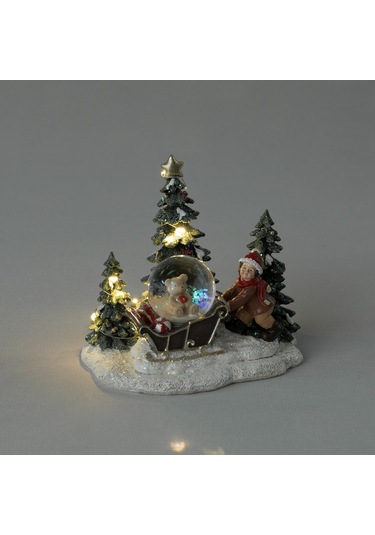 Linens Joy Kar Küresi Ledli Yılbaşı Dekor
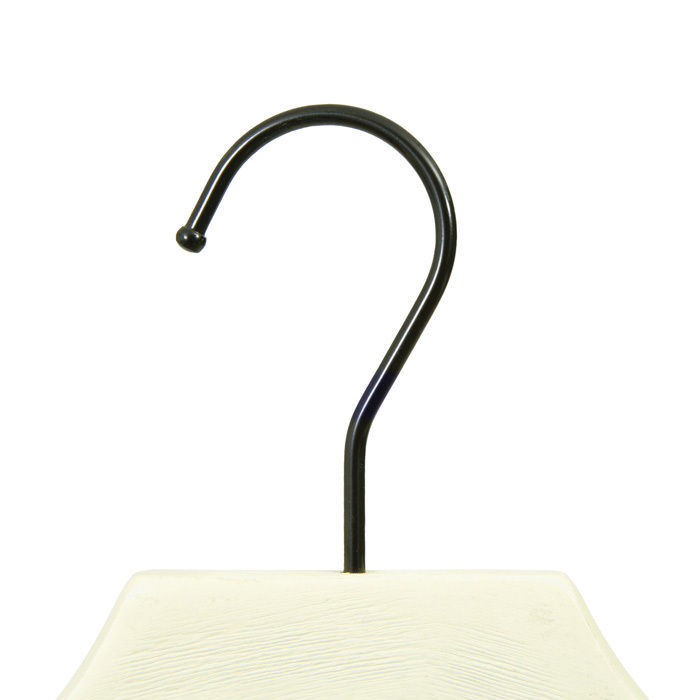 Gruccia in legno sbiancato con pinze 3 Compactor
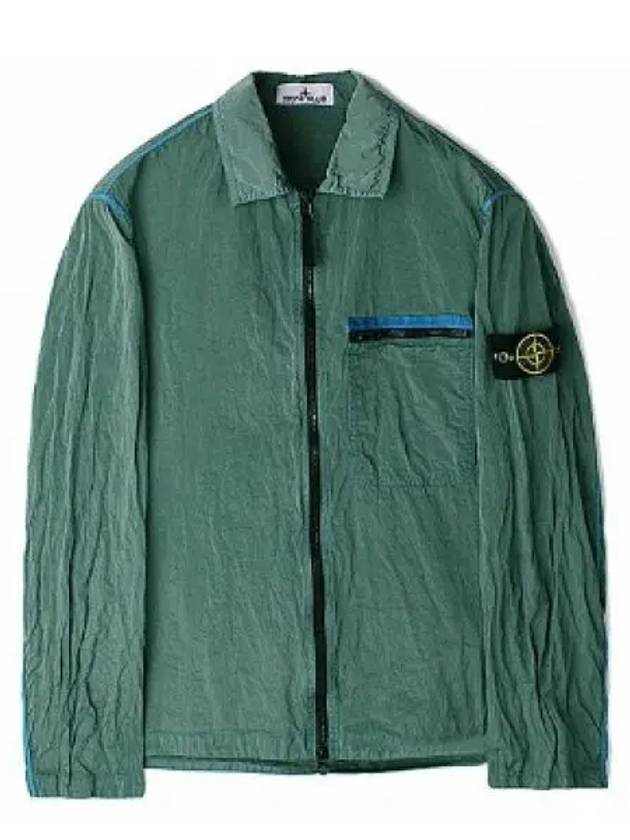 Nylon Metal Econyl Regenerated Zip-Up Jacket Green - STONE ISLAND - BALAAN 2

### [Exercise details]
Without including any picture, write out the material above verbatim.

### [Response to the exercise]
 Linens Joy Kar Küresi Ledli Yılbaşı Dekor
 Gruccia in legno sbiancato con pinze 3 Compactor
 Nylon Metal Econyl Regenerated Zip-Up Jacket Green - STONE ISLAND - BALAAN 2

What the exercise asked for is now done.